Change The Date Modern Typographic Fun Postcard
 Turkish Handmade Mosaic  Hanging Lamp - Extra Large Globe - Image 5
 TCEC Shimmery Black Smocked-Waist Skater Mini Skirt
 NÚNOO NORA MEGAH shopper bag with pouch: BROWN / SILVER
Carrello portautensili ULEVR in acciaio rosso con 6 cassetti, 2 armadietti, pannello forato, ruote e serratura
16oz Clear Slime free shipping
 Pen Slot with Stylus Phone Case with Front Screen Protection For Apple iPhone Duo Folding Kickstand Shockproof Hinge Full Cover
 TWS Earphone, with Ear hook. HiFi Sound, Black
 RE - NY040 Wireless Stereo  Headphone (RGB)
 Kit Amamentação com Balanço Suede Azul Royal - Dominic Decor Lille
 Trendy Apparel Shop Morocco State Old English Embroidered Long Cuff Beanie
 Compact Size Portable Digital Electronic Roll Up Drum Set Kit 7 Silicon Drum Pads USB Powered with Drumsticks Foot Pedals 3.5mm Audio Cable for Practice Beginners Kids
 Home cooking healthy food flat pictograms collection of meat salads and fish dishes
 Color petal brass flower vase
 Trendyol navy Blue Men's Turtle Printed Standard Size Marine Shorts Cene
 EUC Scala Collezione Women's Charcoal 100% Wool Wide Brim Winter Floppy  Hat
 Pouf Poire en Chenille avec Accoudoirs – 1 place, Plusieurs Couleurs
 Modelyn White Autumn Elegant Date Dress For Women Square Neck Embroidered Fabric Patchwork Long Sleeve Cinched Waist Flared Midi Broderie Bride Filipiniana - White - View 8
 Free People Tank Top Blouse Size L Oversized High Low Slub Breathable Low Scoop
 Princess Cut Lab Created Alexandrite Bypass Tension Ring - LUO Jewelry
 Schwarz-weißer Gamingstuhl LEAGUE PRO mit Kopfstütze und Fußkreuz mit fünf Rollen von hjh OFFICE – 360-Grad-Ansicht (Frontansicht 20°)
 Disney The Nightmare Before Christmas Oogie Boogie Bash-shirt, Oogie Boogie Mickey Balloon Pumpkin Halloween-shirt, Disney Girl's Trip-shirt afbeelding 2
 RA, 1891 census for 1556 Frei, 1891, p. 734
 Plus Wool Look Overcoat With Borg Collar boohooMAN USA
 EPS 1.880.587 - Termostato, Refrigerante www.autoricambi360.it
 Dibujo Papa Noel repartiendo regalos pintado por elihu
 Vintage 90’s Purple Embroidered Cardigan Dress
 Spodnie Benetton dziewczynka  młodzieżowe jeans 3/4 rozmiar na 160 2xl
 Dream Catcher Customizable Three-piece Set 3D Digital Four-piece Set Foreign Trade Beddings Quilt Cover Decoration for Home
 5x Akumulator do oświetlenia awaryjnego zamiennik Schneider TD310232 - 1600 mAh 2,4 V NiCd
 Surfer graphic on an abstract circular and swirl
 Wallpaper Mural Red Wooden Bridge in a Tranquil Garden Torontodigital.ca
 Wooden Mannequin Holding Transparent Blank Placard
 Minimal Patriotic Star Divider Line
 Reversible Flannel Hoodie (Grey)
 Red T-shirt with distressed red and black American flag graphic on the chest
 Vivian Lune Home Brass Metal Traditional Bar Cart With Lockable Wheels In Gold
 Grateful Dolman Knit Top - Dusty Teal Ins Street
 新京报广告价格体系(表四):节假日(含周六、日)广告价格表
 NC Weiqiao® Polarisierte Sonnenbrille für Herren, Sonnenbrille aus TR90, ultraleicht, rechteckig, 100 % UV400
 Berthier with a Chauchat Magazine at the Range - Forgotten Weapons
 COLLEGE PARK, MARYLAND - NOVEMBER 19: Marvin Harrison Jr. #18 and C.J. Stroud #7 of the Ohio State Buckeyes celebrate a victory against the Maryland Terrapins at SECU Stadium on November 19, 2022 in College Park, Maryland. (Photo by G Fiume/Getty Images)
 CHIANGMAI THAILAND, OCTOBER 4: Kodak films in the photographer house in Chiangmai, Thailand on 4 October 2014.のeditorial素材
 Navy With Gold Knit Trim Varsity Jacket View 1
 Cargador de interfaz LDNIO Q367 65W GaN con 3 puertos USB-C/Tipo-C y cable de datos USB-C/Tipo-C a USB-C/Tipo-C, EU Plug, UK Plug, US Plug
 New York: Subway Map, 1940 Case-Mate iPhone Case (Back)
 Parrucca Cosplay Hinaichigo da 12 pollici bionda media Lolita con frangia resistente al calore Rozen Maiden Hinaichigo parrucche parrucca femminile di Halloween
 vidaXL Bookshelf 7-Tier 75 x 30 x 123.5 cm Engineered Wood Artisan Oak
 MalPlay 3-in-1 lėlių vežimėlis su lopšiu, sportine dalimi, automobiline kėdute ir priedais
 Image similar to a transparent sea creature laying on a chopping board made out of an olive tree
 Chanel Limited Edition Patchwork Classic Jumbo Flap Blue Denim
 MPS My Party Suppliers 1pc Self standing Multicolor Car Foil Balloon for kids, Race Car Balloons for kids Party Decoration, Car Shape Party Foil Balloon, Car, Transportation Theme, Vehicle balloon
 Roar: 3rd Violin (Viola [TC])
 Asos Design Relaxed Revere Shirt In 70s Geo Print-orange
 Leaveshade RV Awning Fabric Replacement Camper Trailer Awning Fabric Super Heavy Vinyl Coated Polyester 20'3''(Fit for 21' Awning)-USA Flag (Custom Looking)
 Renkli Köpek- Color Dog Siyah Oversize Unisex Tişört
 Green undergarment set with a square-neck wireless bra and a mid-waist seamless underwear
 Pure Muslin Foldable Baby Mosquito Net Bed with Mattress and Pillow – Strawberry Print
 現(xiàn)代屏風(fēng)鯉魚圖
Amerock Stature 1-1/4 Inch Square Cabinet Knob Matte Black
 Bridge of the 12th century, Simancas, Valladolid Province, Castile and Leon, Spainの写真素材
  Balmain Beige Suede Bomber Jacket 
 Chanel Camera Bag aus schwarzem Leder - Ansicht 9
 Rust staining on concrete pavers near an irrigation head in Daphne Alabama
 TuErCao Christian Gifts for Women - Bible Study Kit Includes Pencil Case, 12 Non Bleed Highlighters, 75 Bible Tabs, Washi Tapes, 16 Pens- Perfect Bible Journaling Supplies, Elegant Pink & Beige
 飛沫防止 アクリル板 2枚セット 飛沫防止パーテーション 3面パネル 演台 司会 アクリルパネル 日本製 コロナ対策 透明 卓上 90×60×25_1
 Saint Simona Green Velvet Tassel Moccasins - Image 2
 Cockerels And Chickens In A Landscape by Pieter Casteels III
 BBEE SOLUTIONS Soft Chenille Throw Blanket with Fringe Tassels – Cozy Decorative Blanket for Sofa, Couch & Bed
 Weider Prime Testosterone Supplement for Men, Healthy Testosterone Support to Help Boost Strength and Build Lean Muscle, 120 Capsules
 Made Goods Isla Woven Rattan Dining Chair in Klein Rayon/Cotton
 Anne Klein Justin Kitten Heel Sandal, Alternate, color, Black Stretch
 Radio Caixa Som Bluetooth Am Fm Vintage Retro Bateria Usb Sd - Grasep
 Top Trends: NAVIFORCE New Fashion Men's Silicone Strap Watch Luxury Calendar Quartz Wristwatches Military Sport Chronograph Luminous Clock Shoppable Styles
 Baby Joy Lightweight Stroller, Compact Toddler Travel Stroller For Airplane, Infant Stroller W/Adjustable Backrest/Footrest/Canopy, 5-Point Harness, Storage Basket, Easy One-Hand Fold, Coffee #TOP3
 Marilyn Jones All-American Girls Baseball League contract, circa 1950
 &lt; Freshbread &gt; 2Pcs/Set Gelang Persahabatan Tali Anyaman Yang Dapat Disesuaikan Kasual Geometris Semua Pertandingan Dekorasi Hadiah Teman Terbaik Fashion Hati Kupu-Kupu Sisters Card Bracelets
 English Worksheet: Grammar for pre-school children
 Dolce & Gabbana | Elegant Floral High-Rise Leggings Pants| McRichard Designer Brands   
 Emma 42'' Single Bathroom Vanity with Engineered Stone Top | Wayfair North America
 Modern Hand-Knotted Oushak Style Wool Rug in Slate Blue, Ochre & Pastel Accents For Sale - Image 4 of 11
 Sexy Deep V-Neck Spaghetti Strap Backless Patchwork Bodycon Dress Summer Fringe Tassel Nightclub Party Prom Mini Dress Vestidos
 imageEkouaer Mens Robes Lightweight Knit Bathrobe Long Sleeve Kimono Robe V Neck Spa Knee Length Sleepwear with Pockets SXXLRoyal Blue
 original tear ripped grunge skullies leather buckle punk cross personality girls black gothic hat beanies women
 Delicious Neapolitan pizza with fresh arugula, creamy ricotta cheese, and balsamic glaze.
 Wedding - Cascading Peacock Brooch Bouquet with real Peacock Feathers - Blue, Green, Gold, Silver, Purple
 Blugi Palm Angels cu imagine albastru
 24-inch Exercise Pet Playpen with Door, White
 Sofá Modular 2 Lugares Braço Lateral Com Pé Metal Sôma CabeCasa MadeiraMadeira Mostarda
□ □ □ □ □
=== ACTION ITEM ===
Give back, unchanged, the run of lines in the listing above that begins at the line containing "Wedding - Cascading" and ends at the line containing "24-inch Exercise Pet", both included.

=== SOLUTION ===
 Wedding - Cascading Peacock Brooch Bouquet with real Peacock Feathers - Blue, Green, Gold, Silver, Purple
 Blugi Palm Angels cu imagine albastru
 24-inch Exercise Pet Playpen with Door, White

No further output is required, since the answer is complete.